But, you would expect 8 to be printed right? And when you run it, you will see 8 being printed. And, the magic is:
0x11 (17) = 8 << 1 | 1
# How does it do math then?
Since we are losing one bit precision AND changing the value, how does the compiler even do normal math? Turns out, that this representation allows the compiler to optimize these calculations even better. Let’s take a look at addition.
# Addition
x+y;;
print_endline @@ string_of_int @@ add 4 5
Compiling it and seeing the assembly:
0000000000018dd0 <camlMain.add_274>:
18dd0: 48 8d 44 18 ff lea -0x1(%rax,%rbx,1),%rax
18dd5: c3 ret
18dd6: 66 2e 0f 1f 84 00 00 cs nopw 0x0(%rax,%rax,1)
18ddd: 00 00 00
The addition function is not running any opcode for add! If you want to compare this to a normal C function that does addition:
0000000000001149 <add>:
1149: f3 0f 1e fa endbr64
114d: 55 push %rbp
114e: 48 89 e5 mov %rsp,%rbp
1151: 89 7d fc mov %edi,-0x4(%rbp)
1154: 89 75 f8 mov %esi,-0x8(%rbp)
1157: 8b 55 fc mov -0x4(%rbp),%edx
115a: 8b 45 f8 mov -0x8(%rbp),%eax
115d: 01 d0 add %edx,%eax
115f: 5d pop %rbp
1160: c3 ret
<main>: // Some relevant parts from main
116d: be 05 00 00 00 mov $0x5,%esi
1172: bf 04 00 00 00 mov $0x4,%edi
1177: b8 00 00 00 00 mov $0x0,%eax
117c: e8 c8 ff ff ff call 1149 <add>
Interesting right? Both do addition, but in pretty different ways. While the C code assembly is pretty easy to understand, let’s look at how addition works in OCaml.
# Addition in OCaml
Each integer is stored as 2x+1 which implies, adding two integers should return 2(x+y+1) where 2x+1 is one integer and 2y+1 is another. But, the real result from the addition should have simply been (x+y) which would be stored in memory therefore as 2(x+y)+1.
Note that there is only 1 bit difference between the result being stored by naive addition of the tagged integers and the actual result.

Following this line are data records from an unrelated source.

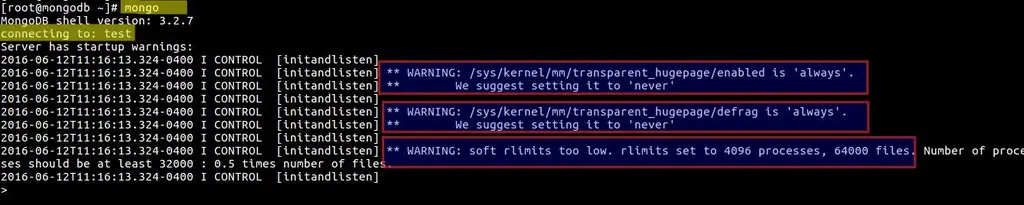 Warning-Message-while-connecting-mongdb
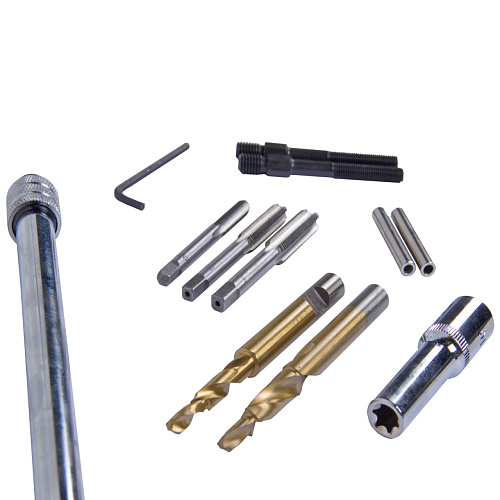 Набор для обслуживания свечей накаливания, 16 пр. МАСТАК 103-12016C Набор для обслуживания свечей накаливания, 16 пр. МАСТАК 103-12016C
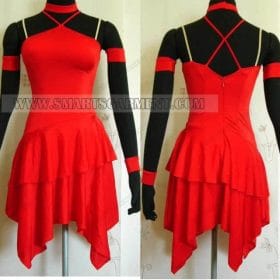selling latin competition dance apparels,custom made latin dance outfits:LD-SG57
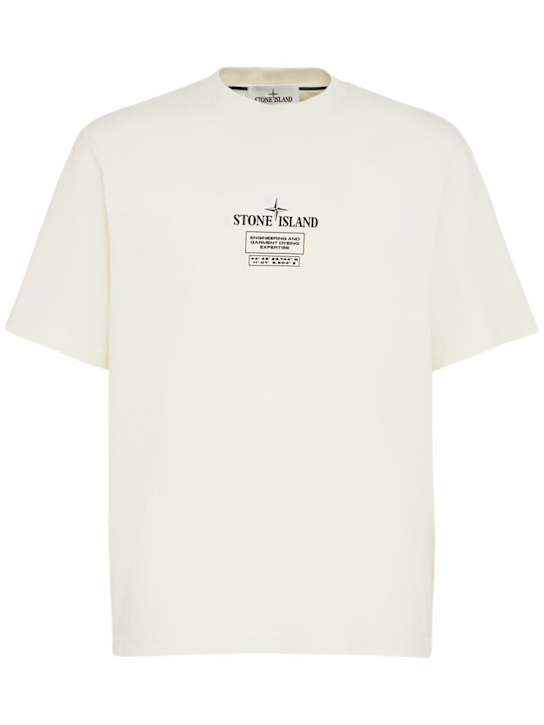 Stone Island S/s cotton jersey t-shirt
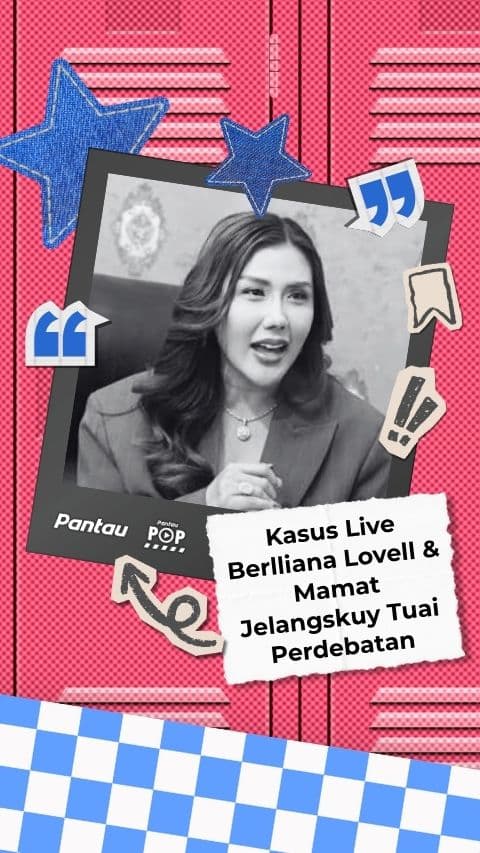KASUS LIVE BERLIANA LOVEIL & MAMAT JELANGSKUY TUAI PERDEBATAN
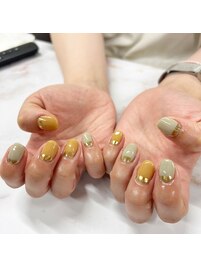 ミラーネイル！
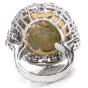 Vintage 18.81 Carat Opal Diamond 14K Cocktail Ring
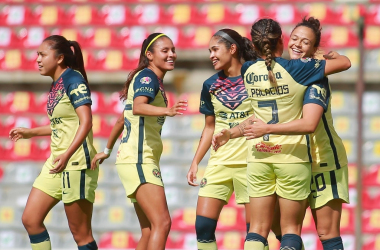 América mantiene el paso perfecto en la Liga MX Femenil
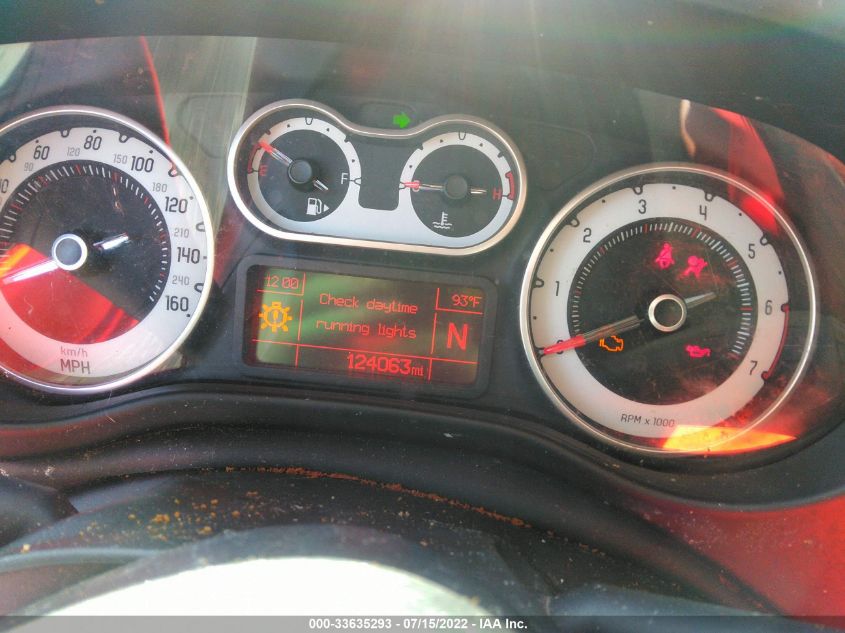 2014 FIAT 500L TREKKING ZFBCFADH9EZ007083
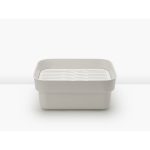 کاسه شستشوی سینک به همراه سینی خاکستری روشن برابانتیا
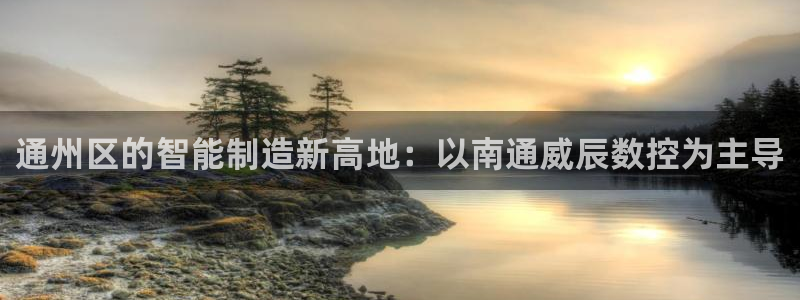 南京天辰娱乐:通州区的智能制造新高地:以南通威辰数控为主导
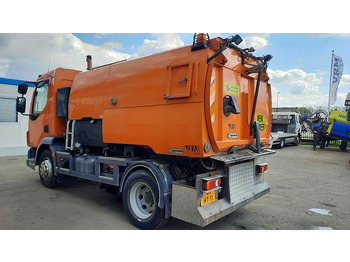 Varredora urbana DAF FA LF45G12+ Johnston VF501: foto 4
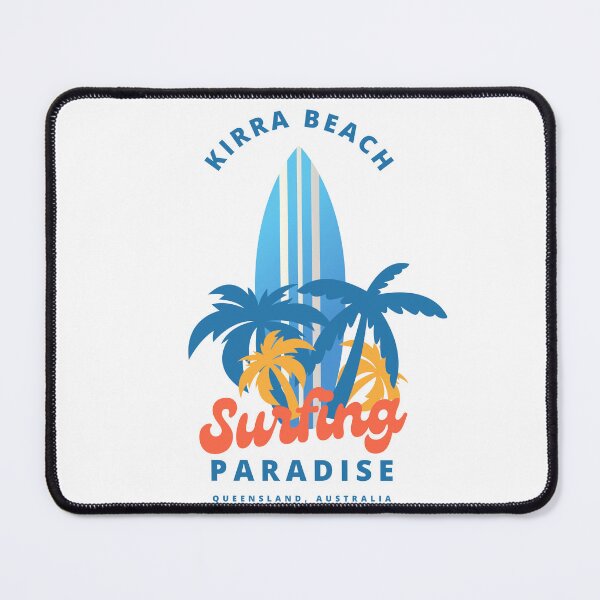 Item preview, Kirra Beach Surfing Paradise Queensland Australia designed and sold by radestilo.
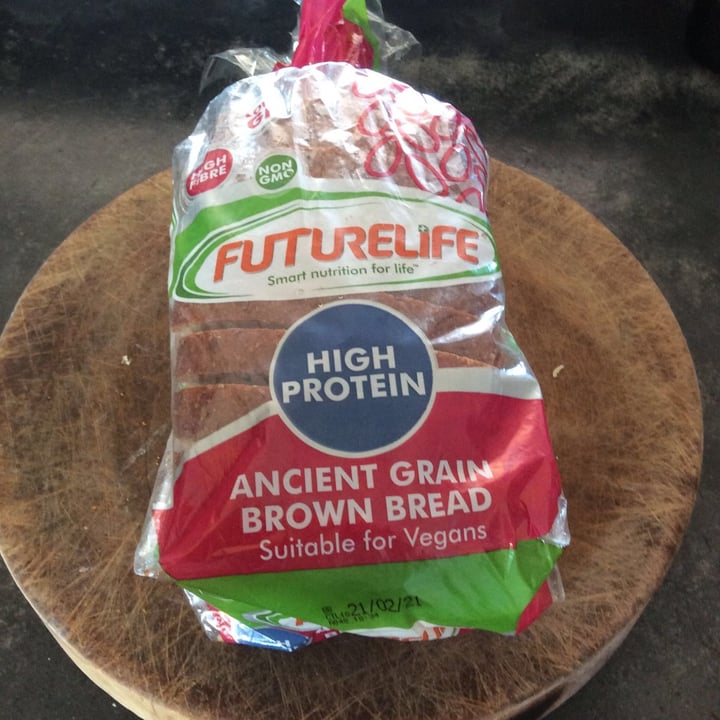 photo of Futurelife Ancient Grain Brown Bread shared by @perkybeast on  21 Feb 2021 - review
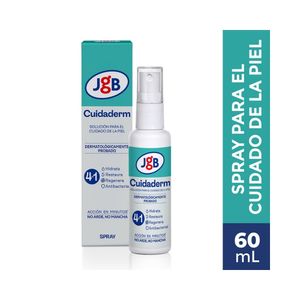 CUIDADERM JGB SPRAY CAJA 60 ML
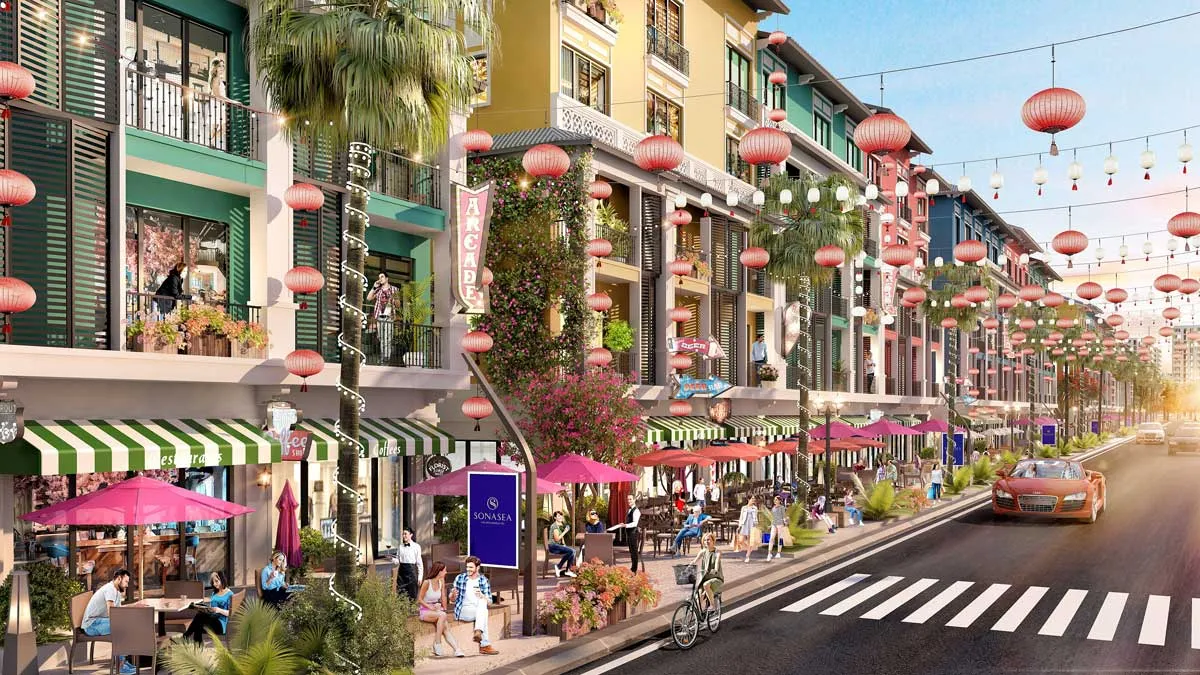Shoptel Sonasea Vân Đồn Harbor City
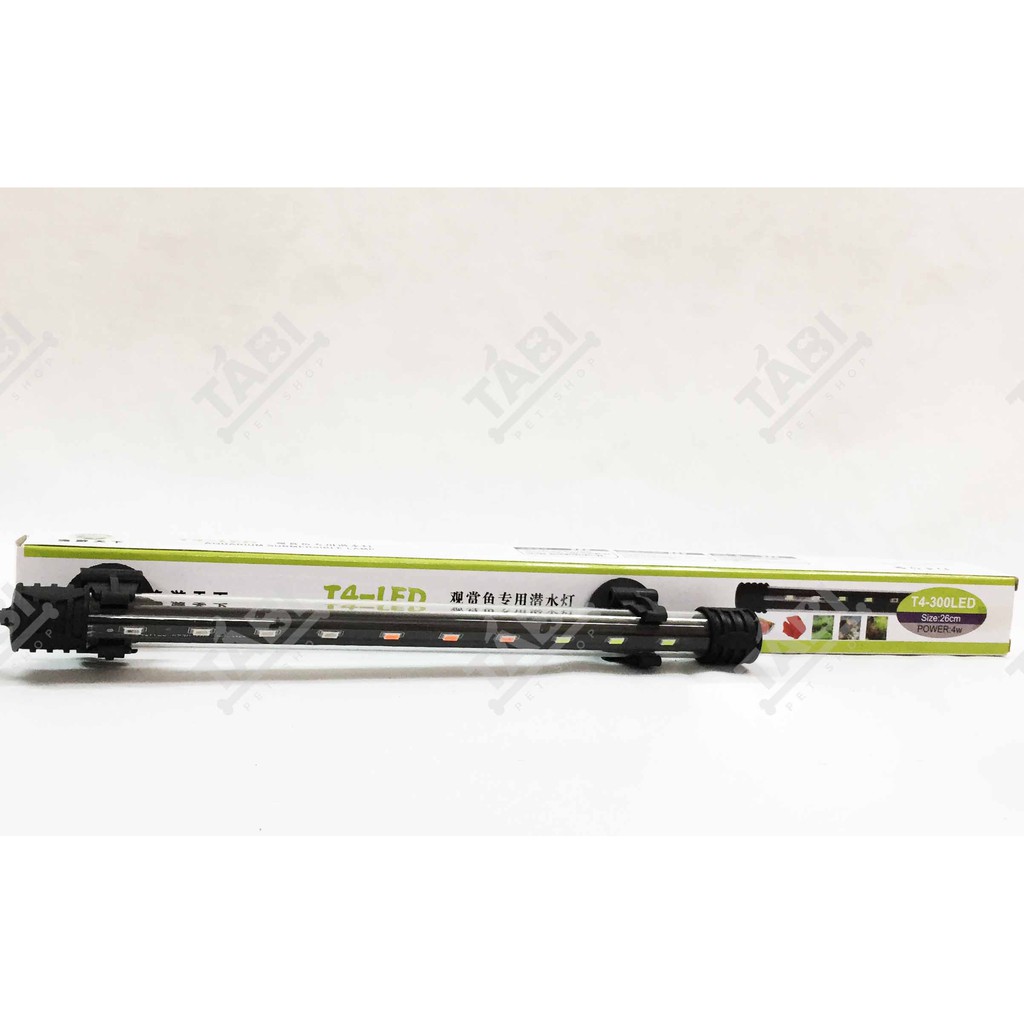 Đèn Hồ Cá Nhiều Màu Dài 26cm - Đèn Trang Trí Bể Cá
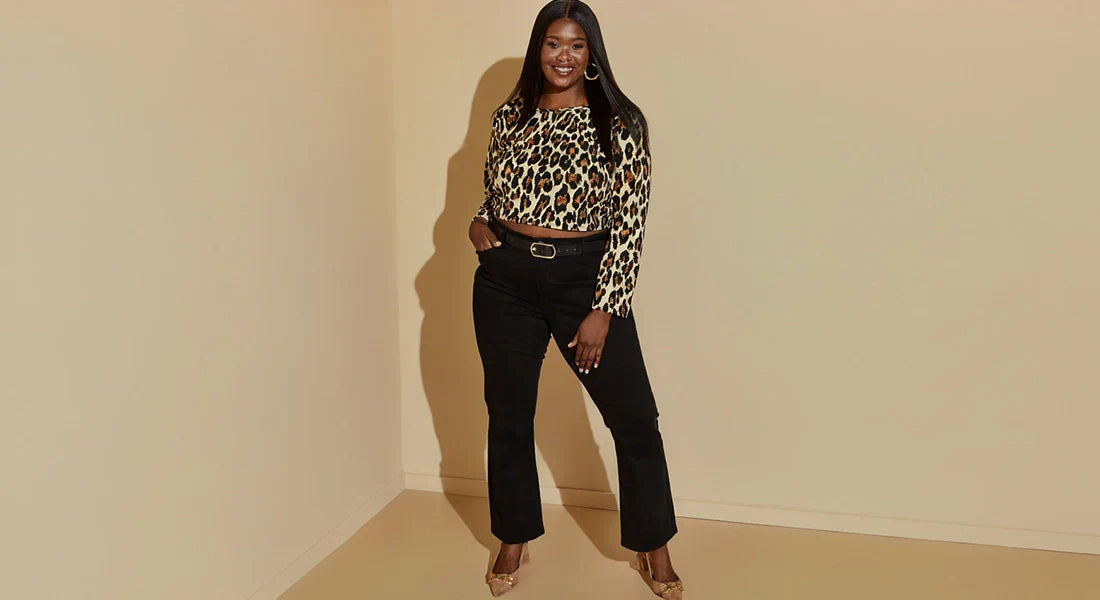 6 Ways Curvy Women Can Use Crop Top Layering for a Fashion-Forward Look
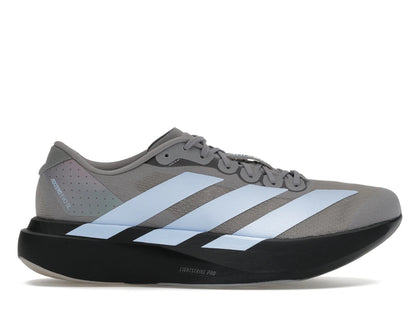 adidas Adizero Evo SL Grey Glow Blue - authentic adidas sneakers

How does lea help us solve this? We’ll have to dig deeper into lea.
# How lea works
lea: Load Effective Address
This is a instruction in x86 (and others as well), which is used to calculate the memory addresses of pointers. The general x86 syntax for the operand is offset(base, index, scale):
- offset: An offet which is added to the final memory address
- base: The base address
- scale: This is what is multiplied by the index
- index: This is the memory index
And the hardware calculates this as:
Address = base + (index * scale) + offset
So, writing
lea -0x1(%rax,%rbx,1),%rax
basically means:
- offset = -0x1
- base = %rax
- index = %rbx
- scale = 1
So, the machine is going to compute
%rax + (%rbx * 1) - 0x1 = %rax + %rbx - 0x1
The mystery is solved now! It takes our normal two tagged integers, adds them together than subtracts one (so we went up with 2(z+y)+1) to get the tagged value for the result.
Thus this one uses one fast CPU cycle computes our sum!
# Summary
Here’s what this blog post was meant to cover:
- What is the meaning of tagged integers
- Why are tagged integers useful
- Differentiating between pointers and integers using it
- Show the tagged representation in OCaml vs normal in C
- Optimisation in OCaml not in C (or other languages which don’t have tagged integers)